Íbamos en el coche, los mismos tres de siempre. Raúl al volante, concentrado pero con la típica sonrisa que tiene cuando se siente libre. Lucía, en el asiento de copiloto, no paraba de hablar de su nuevo novio, con esa emoción desenfrenada que siempre tiene cuando se enamora (lo cual pasa cada verano). Yo, en la parte trasera, miraba el paisaje cambiar de Madrid a Santiago, buscando algo de paz.
Este verano ha sido raro. Raúl consiguió un trabajo a medio tiempo y parece más responsable. Lucía sigue siendo Lucía, y yo… bueno, estoy aquí, intentando no pensar en que casi tengo 27 y me siento más perdida que nunca.
Sin pensarlo demasiado, dije: “¿No creen que ya no somos los tres chavales de siempre? Los que pasaban los veranos en la casa de la abuela Chelo, haciendo guerras de agua y quedándonos despiertos para ver las estrellas?”.
Lucía respondió: “Todo va a pasar. Lo mejor está por venir”.
Nos quedamos en silencio por un rato, y “Another Day” de Paul McCartney empezó a sonar en la radio. Algo en la canción me hizo sentir nostálgica, como si esos veranos en la casa de la abuela estuvieran más lejos de lo que realmente están. Pero mientras miraba el paisaje, algo dentro de mí se calmó.

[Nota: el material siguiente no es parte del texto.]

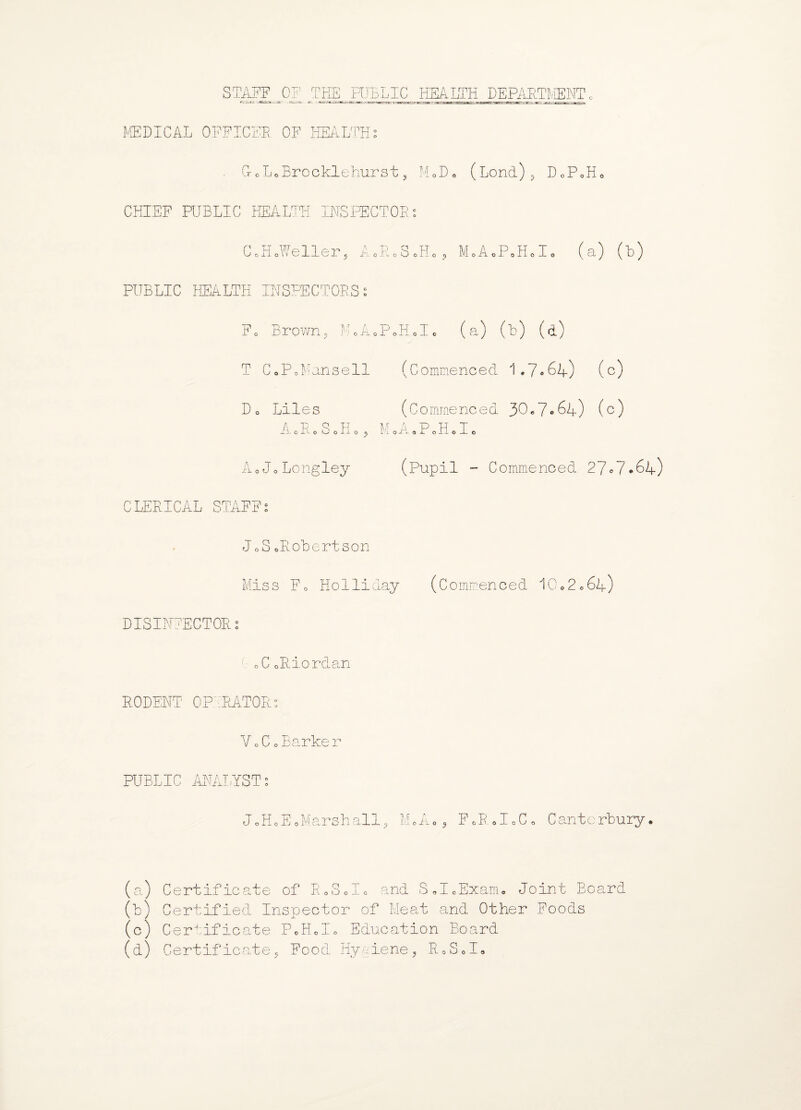 MEDICAL OFFICER OF HEALTH OroLoBrocklehurst, MoD„ (Lond) , DoPoH0 CHIEF PUBLIC HEALTH INSPECTOR CoH.Weller O XV o C 3.H., MoAoPoHclo (a) (b) PUBLIC HEALTH INSPECT Fo Brown, H«AoPoH.I. (a) (b) (d) T CoPoUansell (Commenced 1.7*64) (c) Do Liles (Comrr o mine nee a 30.7.64) (c) AoRoS.Ho, MoA.PoH.I JoLongley (Pupil - Commenced 27*7*64) CLERICAL STAFF JoSoRobertson Miss Fo Holliday (Commenced 10.2.64) DISINFECTOR s oCoRiordan RODENT OPERATORs Vo C oBarke r PUBLIC ANALYST z JoHoEoMarshall, M.Ao , FT J»C, Canterbury. (a) Certificate of R0S«I« and S JcExarn, Joint Board (b) Certified Inspector of Meat and Other Foods (c) Certificate PoH.L Education Board (d) Certificate, Food Hygiene, R0S0I®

La carretera tenía esa magia que solo los viajes largos te dan, como si el movimiento del coche pudiera ordenar tus pensamientos.
Paramos en una gasolinera.
«Ya no somos los mismos de antes, ¿verdad?», dije cuando nos reunimos de nuevo, cada uno con sus provisiones ridículas (yo con unas patatas, Raúl con un Red Bull y Lucía con, por supuesto, agua de coco).
Raúl, serio dijo: “Quizá este sea el último verano como los de antes, pero eso no cambia nada. Seguimos siendo nosotros, aunque ya no estamos jugando a ser adultos; ahora lo somos de verdad”.
Raúl se subió al coche, dio un trago a su Red Bull y, con una sonrisa traviesa, dijo: “A ver si este viaje nos da superpoderes”. Lucía, siempre optimista, añadió: “¡A por Santiago!”.
Yo solo reí, porque, en el fondo, aunque las cosas cambien, aunque crezcamos, hay algo que nunca cambia: las risas tontas, los chistes malos, y esa sensación de que, con los amigos adecuados, todo va a salir bien.
Arrancamos de nuevo, el camino seguía, y por un momento, me di cuenta de que no estábamos tan perdidos como pensaba. ¡Santiago nos esperaba!.